BIOL421* - Conservation Genetics - Fall 2017

Q&A Monday Dec. 4, 1-2 pm, Biosci 3110

Q&A Wednesday Dec. 6, 11:30-12:30, Biosci 3112

 

 

 

Instructor:

Dr. Vicki Friesen
Office: 4443 Biosciences Complex
Phone: 533-6156
email: vlf at queensu dot ca

Teaching Assistant:

Drew Sauve (0as69 at queensu dot ca)
Office: 4441 Biosciences Complex
Phone: 533-6000 ex. 75539

Lectures:

Mondays 3:30-4:30; Wednsdays 2:30-3:30; Thursdays 4:30-5:30; Biosci 1120

Tutorials:

Tuesdays 11:30-14:30, Ellis 218 OR Thursdays 8:30-11:30, Biosci 1120

Precis:

As the field of conservation biology grows, several specialized subdisciplines are forming. Conservation genetics is a relatively new field of research at the interface of conservation biology, and ecological and evolutionary genetics. The expansion of this field of research, and its importance in conservation, are evidenced by the recent initiation of a scientific journal ('Conservation Genetics'), the hiring of research chairs in conservation genetics at many universities and government offices worldwide, and the solicitation of conservation geneticists on decision bodies such as the Committee on the Status of Endangered Wildlife in Canada.
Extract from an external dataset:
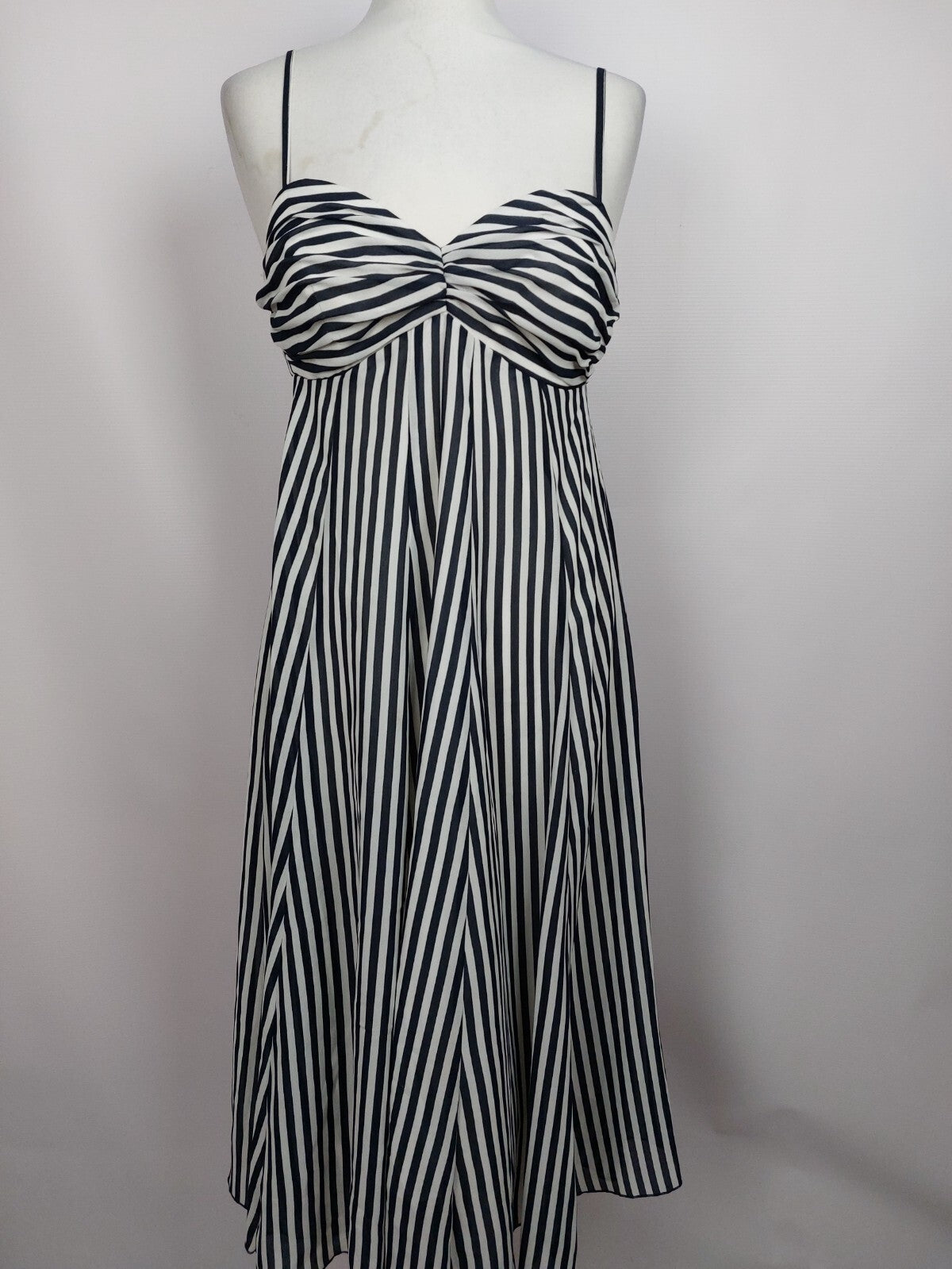 EK4487 Damen Kleid von Apart, Grau/weiß gestreift, Gr. 380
The course is intended to familiarize students with both the fundamentals of conservation genetics, and state-of-the-art research in the field. This course will address questions such as How is genetic variation lost? Can loss of genetic variation result in extinction? How much genetic variation is 'enough' for population viability? Can loss of genetic variation be prevented? How do we define management units for conservation? And is hybridization a problem or a benefit for conservation?

Textbook:

Allendorf et al., 2013, Conservation and the Genetics of Populations. Blackwell. 2nd edition

Format:

The lecture component of the course will comprise two parts: The first approx. 4 weeks will entail GUTS ('getting up to speed') – a review of general concepts of molecular, Mendelian, population and evolutionary genetics that are germane to conservation: the Hardy Weinberg theorem; genetic drift; genetically effective population size; natural selection; gene flow and population differentiation; and quantitative genetics. The last 8 weeks of lectures will focus on SOTA ('state-of-the-art') topics in conservation genetics, especially the application of basic theory to declining populations: inbreeding depression; the relationship between neutral genetic variation and fitness; genetic variability and population viability; effects of population fragmentation on gene flow; defining and prioritizing population units for conservation; conservation implications of hybridization; disease and conservation; the genetic considerations of captive breeding; adaptation to anthropogenic changes; and the genetics of alien invasions. Students also will be exposed to current research in conservation genetics through guest lectures.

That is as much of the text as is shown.